◆ Required action
Somewhere below, one line contains "Stylish Textured Pencil Case Stornfield" and a later line contains "بارك إن باي راديسون 4* غوتنغن". Output those two lines and everything between them exactly, and nothing else.

◆ Records for the task
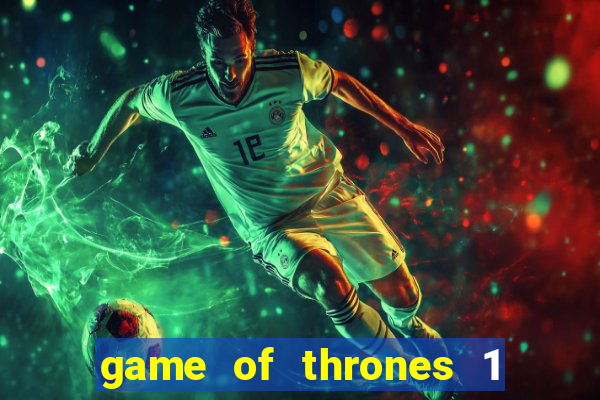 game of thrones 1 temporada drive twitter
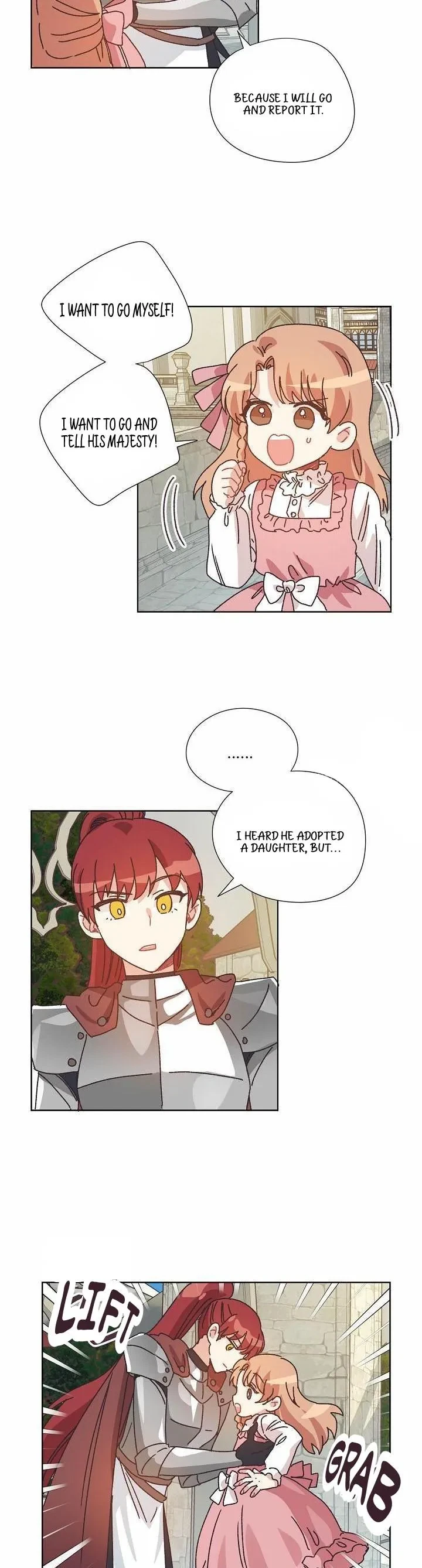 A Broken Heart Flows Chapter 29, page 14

...

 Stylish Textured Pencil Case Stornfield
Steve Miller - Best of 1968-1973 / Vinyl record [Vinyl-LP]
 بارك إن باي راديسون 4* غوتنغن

◆ Result of the exercise
 Stylish Textured Pencil Case Stornfield
Steve Miller - Best of 1968-1973 / Vinyl record [Vinyl-LP]
 بارك إن باي راديسون 4* غوتنغن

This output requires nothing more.